Moody's Investors Service says that the implementation of the Basel III capital framework in the Philippines (Baa3 positive), and the corresponding measures taken by domestic banks to increase the quantity and improve the quality of their capital buffers, are credit positive for the sector and bank creditors.
"In contrast to the gradual phase-in approach adopted by most other countries, the Philippine regulator, Bangko Sentral ng Pilipinas (BSP) has implemented the new capital requirements with full effect from 1 January 2014," says Alka Anbarasu, a Moody's Assistant Vice President and Analyst.
Alka was speaking on the release of a new special comment, entitled "Basel III Implementation: Philippine Banks".
In addition to the full implementation, the BSP also requires banks to maintain capital well above the Basel III requirements.
From 1 January 2014, Philippine banks must maintain minimum common equity Tier 1 ratios of 6.0% and total capital adequacy ratios (CAR) of 10.0%, compared to the 4.5% and 8.0 % recommended by the Basel Committee.
In response to the measures, Philippine banks have improved their capital structure, a trend Moody's expects to continue in the near future.
Some of the steps taken include (1) new issuance of common equity and new Basel III-compliant point-of-non-viability securities; (2) the sale of stakes in non-banking business; (3) retiring non-compliant Tier 2 securities; and (4) modification of terms of existing capital securities to make them Basel III compliant.
"We also expect Philippine banks to continue to grow at a rate of up to 15% annually over the coming years, as their ongoing capital raising initiatives will allow them to do so without compromising their credit profiles and loss-absorbing buffers," says Alka.
The country's economic growth is one the fastest among global emerging markets, while banking penetration remains low compared to other countries in the region.
"Philippine banks are well capitalized by international standards, and we estimate that our rated banks can maintain CARs above 10% through end-2015, even after assuming 15% loan growth in both 2014 and 2015," adds Alka.
Total credit was only 40% of GDP as of September 2013, and banks have ample funding with an average loan-to-deposit ratio of 59% as of September 2013.

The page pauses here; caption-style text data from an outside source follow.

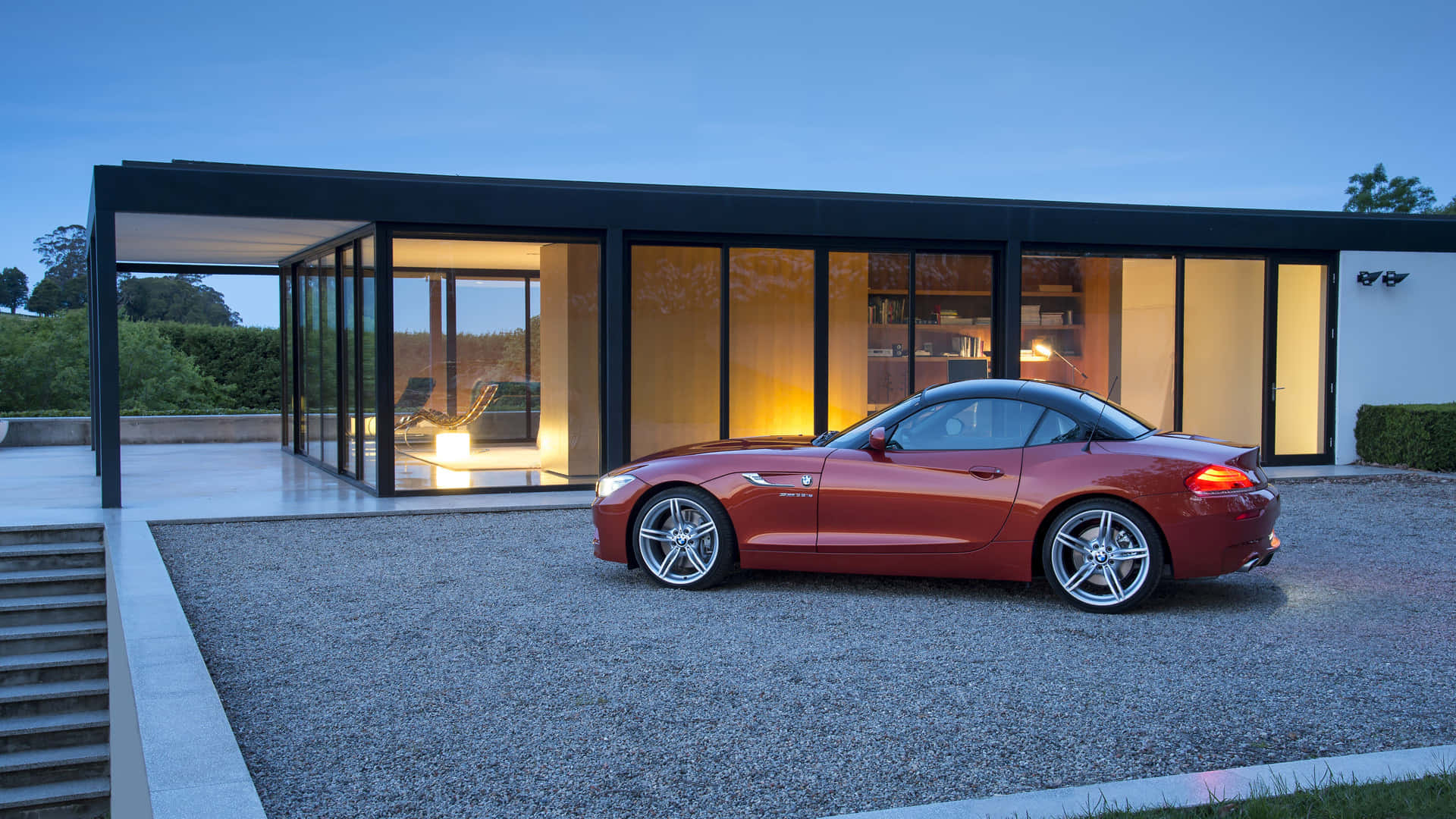 Bmw Z4 桌布 壁紙 — 一輛時尚的紅色跑車停泊在碎石路上，前方是一座在黃昏時分溫暖發光的現代玻璃屋。
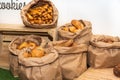 Selection of Fresh baked bread baskets and paper bags with bread roasted in the oven, croissants Royalty Free Stock Photo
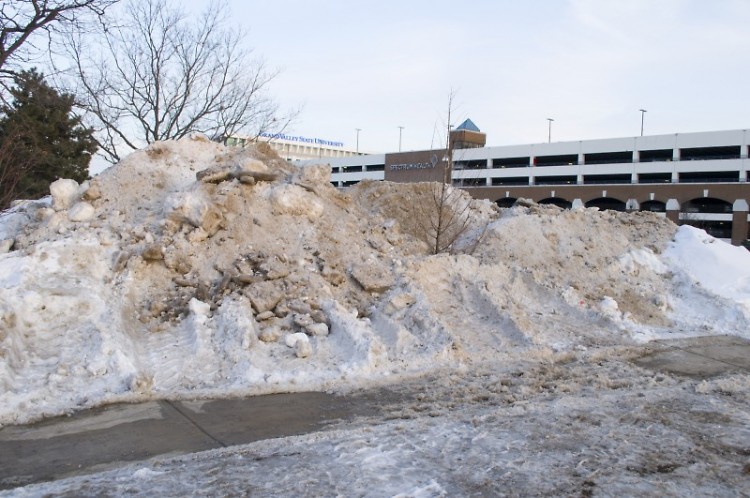 Snow piled near the corner of Coit Avenue and Hastings Street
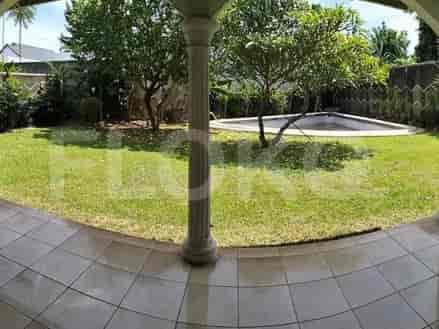 A lush green lawn with a swimming pool and trees, viewed from a covered patio area.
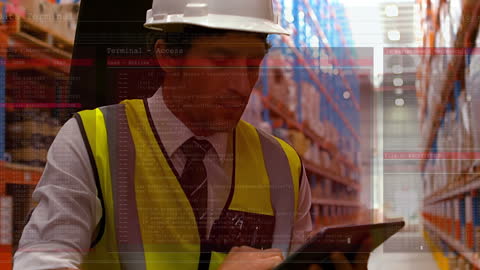 Warehouse Worker Analyzing Data on Tablet with Overlay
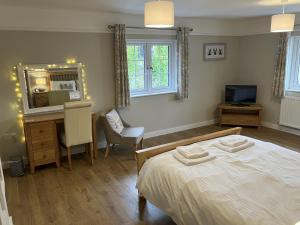 a bedroom with a bed and a desk and a computer at Barn Cottage, Minehead in Minehead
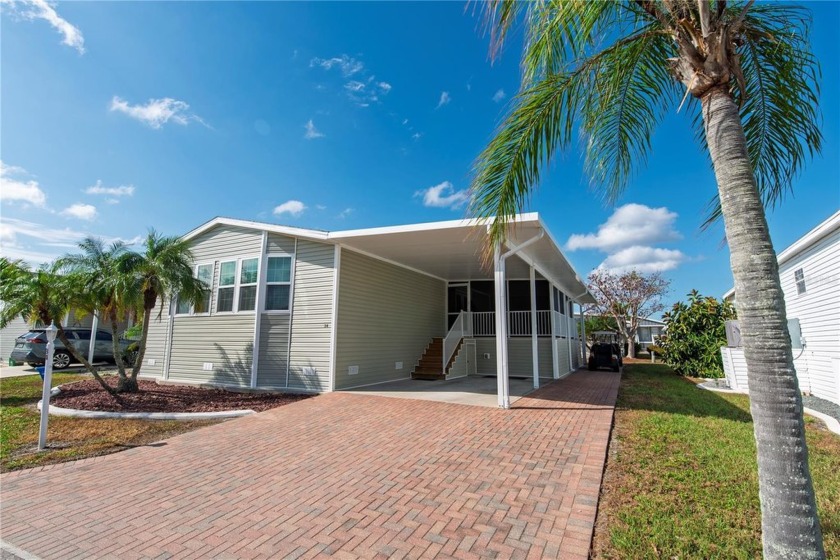 Located in the desirable 55+ community of Windmill Village, this - Beach Home for sale in Punta Gorda, Florida on Beachhouse.com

While Moody's expects Philippine banks will remain well capitalized through 2015 even without raising further capital, it does expect some selective issuance by banks of Basel III-compliant securities in the next two years.
Such issuance is likely to occur as banks will gauge the buffer they want to maintain above the minimum requirements, their anticipated growth rate and cost of funds considerations.